Plus précisément, le terme anglosaxon désignant le compte d’auteur, de vanity press, est éclairant. Un auteur peut être prêt à tout pour être publié, peut-être parfois par vanité. Dès lors, il n’y a aucun filtre de qualité du texte ici. Plus ennuyeux, un éditeur doit, au cœur de son métier, faire du conseil. Comme c’est lui qui prend tous les risques, il a tout intérêt à ce que l’auteur lui présente un produit parachevé. Il est compétent pour orienter ce métier de l’écrivain, conseiller, faire retravailler, réécrire, bref, donner toutes les chances à l’auteur de réussir sa publication. Dans le système à compte d’auteur, cet aspect qualitatif fondamental n’existe pas du tout. Ainsi, un éditeur à compte d’auteur peut publier n’importe quoi de la part de n’importe qui – ce qui n’est pas toujours le cas. D’autre part, la force d’un éditeur traditionnel, dit à compte d’éditeur, est de profiter de réseaux de distribution et de communication aguerris. Ceci provient de l’exigence qualitative des manuscrits acceptés à la publication. Comme ce n’est pas le cas chez les éditeurs à compte d’auteur et comme les moyens financiers de l’auteur sont souvent limités, l’édition risque non seulement d’être confidentielle au nombre d’exemplaires, mais aussi de subir une diffusion tout aussi limitée. Bref : l’auteur risque de payer très cher une édition qui ne se vendra pas.
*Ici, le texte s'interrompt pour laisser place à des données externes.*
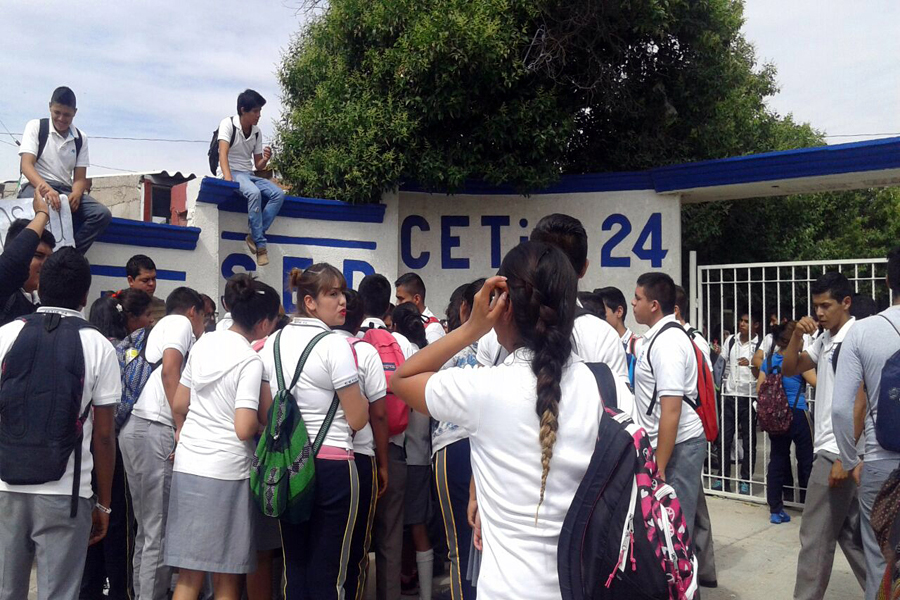 No les han pagado las becas y los hostigan para que paguen la parte que les toca.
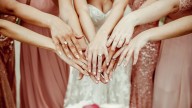 ¿Boda a la vista? Tres ideas de manicuras otoñales para elevar tu look de invitada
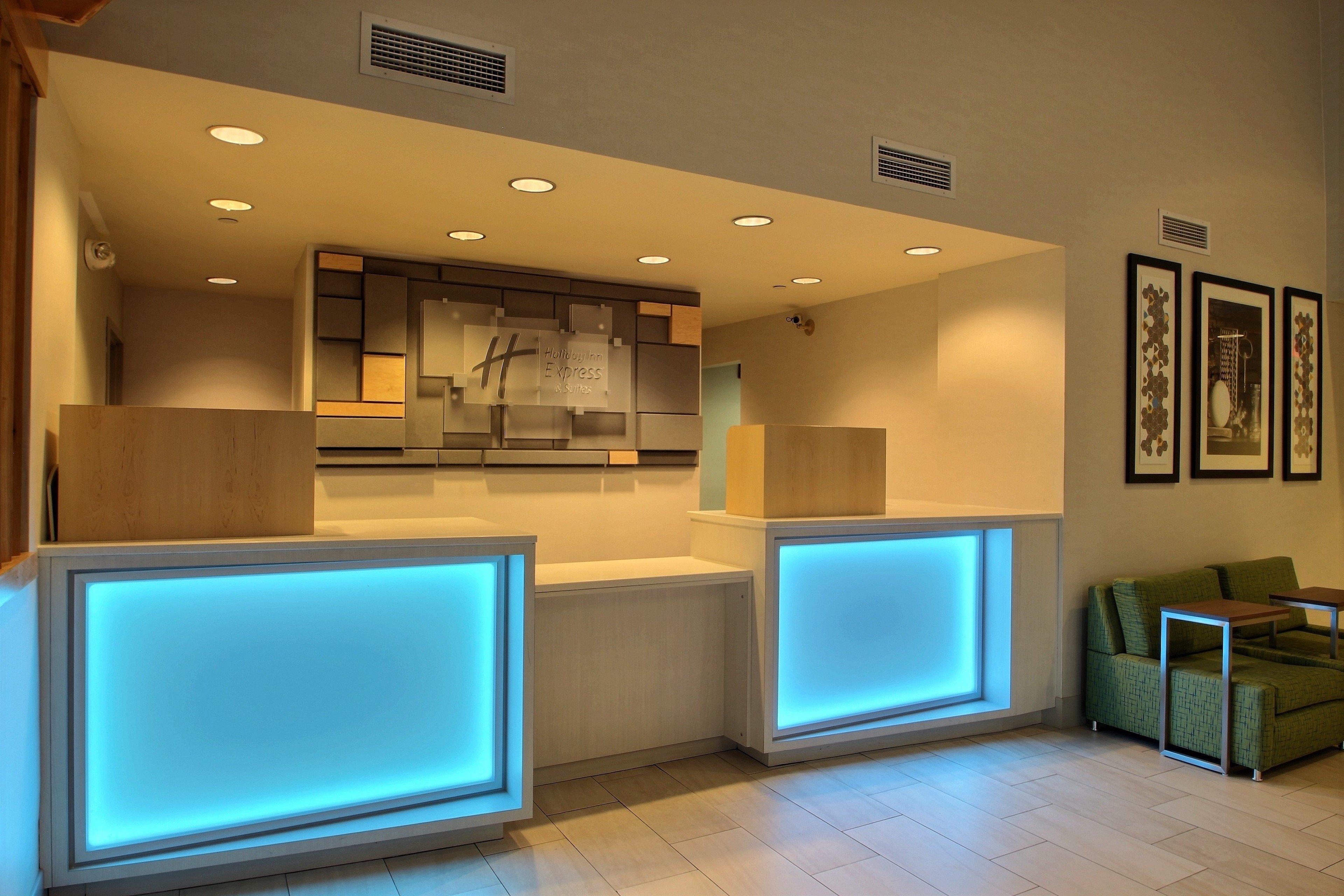 Holiday Inn Express Hotel & Suites Milwaukee Airport By Ihg Екстериор снимка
En France, le droit de la propriété intellectuelle est très protecteur pour les auteurs. Par exemple, la propriété d’un texte est imprescriptible car c’est un droit moral. En d’autres termes, personne ne peut s’arroger la propriété d’un texte qu’il n’a pas produit, et ce dans tous les cas de figure. Un éditeur n’achète pas un texte, mais ses droits dérivés, à savoir les droits de diffusion et d’exclusivité de cette diffusion, et ce pour une durée limitée. Tout contrat allant au-delà renferme des clauses abusives. Ainsi, aucun éditeur honnête ne peut se prévaloir de la propriété d’un texte qu’il n’a pas écrit. Un contrat éditorial en bonne et due forme ne cherche jamais à acquérir des droits abusifs sur le dos de l’auteur : celui-ci reste entier propriétaire de son texte et reçoit les droits d’auteur dans tous les cas. Ceci ne peut être cédé par contrat.
Dans la pratique, les éditeurs à compte d’auteur promettent souvent des choses mirifiques qui ne seront pas tenues.
Une étude de 60 millions de consommateurs sur ce sujet montre qu’une prestation moyenne, pour éditer un ouvrage de 250 pages, coûte de 1600 à 4800€ à l’auteur, sans garantie de succès. N’oublions pas que le texte n’a pas été relu, et que nul ne communiquera sur son existence, dans un monde où à chaque rentrée littéraire (deux fois par an), 30.000 nouveaux titres seront proposés au lecteur.
Autre fait scandaleux : puisque l’éditeur à compte d’auteur ne prend en charge aucun risque éditorial alors que ceci est la raison d’être du métier, l’auteur va être rétribué sur une certaine partie du tirage, de 20% en moyenne, ce qui est relativement bas. Mais après un certain seuil, tous les invendus devront être rachetés par l’auteur à des tarifs très abusivement dits préférentiels. Il y a ici de quoi ruiner un auteur qui gagne une vie modeste, puisque cette clause est souvent contractuelle et exprimée de manière obscure.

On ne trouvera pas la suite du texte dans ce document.